# Seeking A Suggestion For My Business!



## ElizabethLarrson (Sep 9, 2021)

Need a quick recommendation about my business. I am running a beauty salon, and it's been almost 3 years. Someone suggested me to create a website for my business. Here is the website for my business: https://www.newmebeauty.com.au/

Now what? It's been six months, but I am not getting any business from my website. But recently a digital marketing company outreached me named "Folio Manager" and they suggested me some online marketing stuff i.e., SEO & SMM. I don't know much about this stuff, but they thoroughly explained that how these marketing tactics will help me in getting business online.

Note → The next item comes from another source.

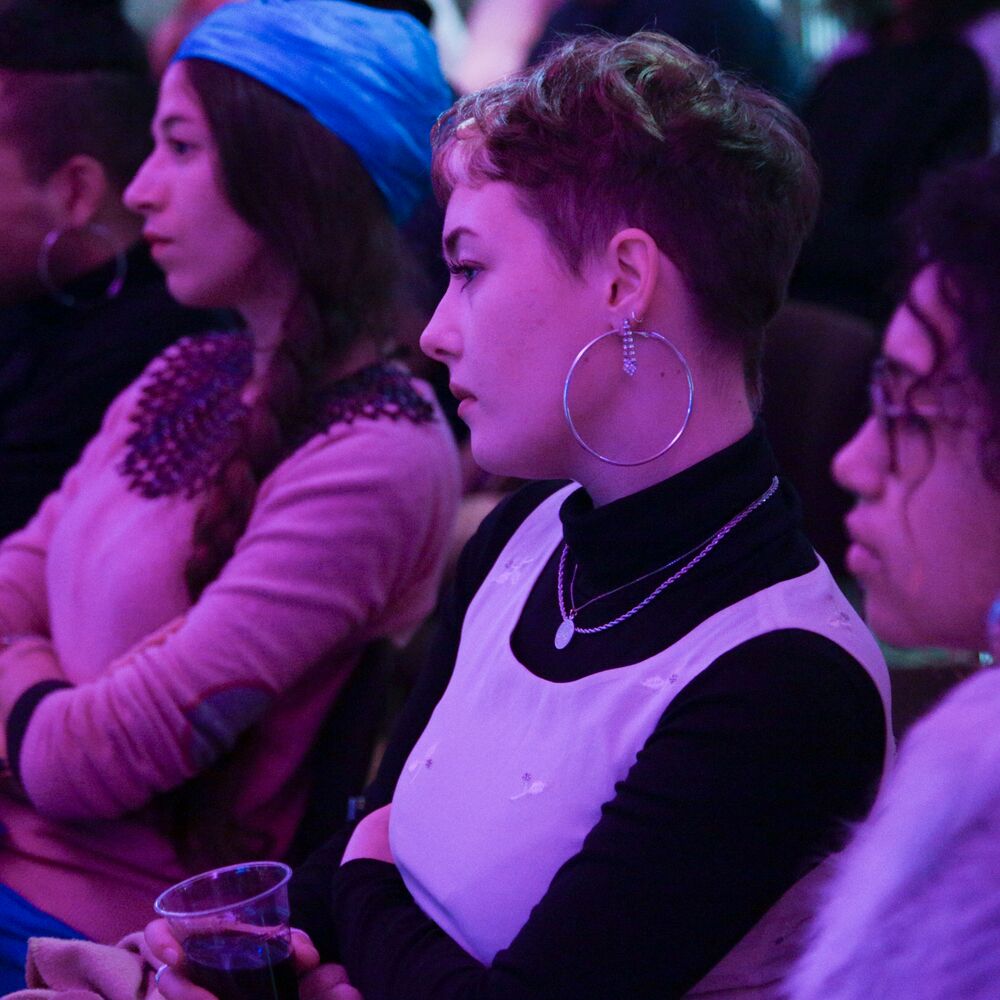 Three women in the audience looking engaged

I just want you to guys help me in selecting one of their plans. Which one should I get? SEO Services Or SMM Services?


----------



## MKanth (Nov 10, 2014)

Do on your own joining local groups, try to give some suggestions/ run free hair cut every wednesday something like that. Run a contenst, make some youtube videos that show how good ur styles are....like this, but dont spend money on facebook, insta or paying others for SEO, it is waste of ur money. All the best!


----------



## ElizabethLarrson (Sep 9, 2021)

Thanks, @MKanth for the suggestions. I guess, Youtube & local groups will help me in growing my business!


----------



## ohhelpusgod (Sep 17, 2021)

word of mouth is key, give your current customers incentives to spread the word through discounts or promotions.
Youtube is great but slow, you need to back it up with other online social media, tiktok, Facebook what ever is free and covers local people to your area, no point advertising to another country or another state if they can't come to you.
your website is just an advertisement so get your car vinyl wrapped with your logo and web address, put up posters of the same imaging locally, pay for a billboard locally but keep your imagery simple and consistent across all of your signage, including shop frontage, get a real estates board put up in your front yard. I looked at your website and feel your shop front is lacking and not obvious enough, remember cars drive by at speed and if they don't see flashing lights or a huge easy to read in a flash sign then forget it, it's a blur, people on foot might notice but I think your signage is far too small, sorry. too many words and I didn't notice a web address and if there is one there then that is how effective it is.
the colour needs to pop, these subdued colours don't work to get any attention.
can you put an "A" frame on footpath? daily specials on a blackboard section, make it huge and bright coloured.
I'd cover the whole front of the shop with one big logo rather then a small logo on every other panel of glass.
Also the name should be simplified, "New Me Salon" and get the acronym out there too!
"Welcome to N.M.S your one stop beauty salon.
Advertise on local radio, get a catchy jingle and a sexy calming voice over and run 15 second and 30 ad via local radio to start and branch out to main stream once funds allow. T.V next! always include your web address on everything.
if you make a radio ad put the jingle on your website too, link up everything with all of the things.
even mail box drops to cover current and surrounding suburbs if done cleverly can help! 
just my 2 cents, good luck!


----------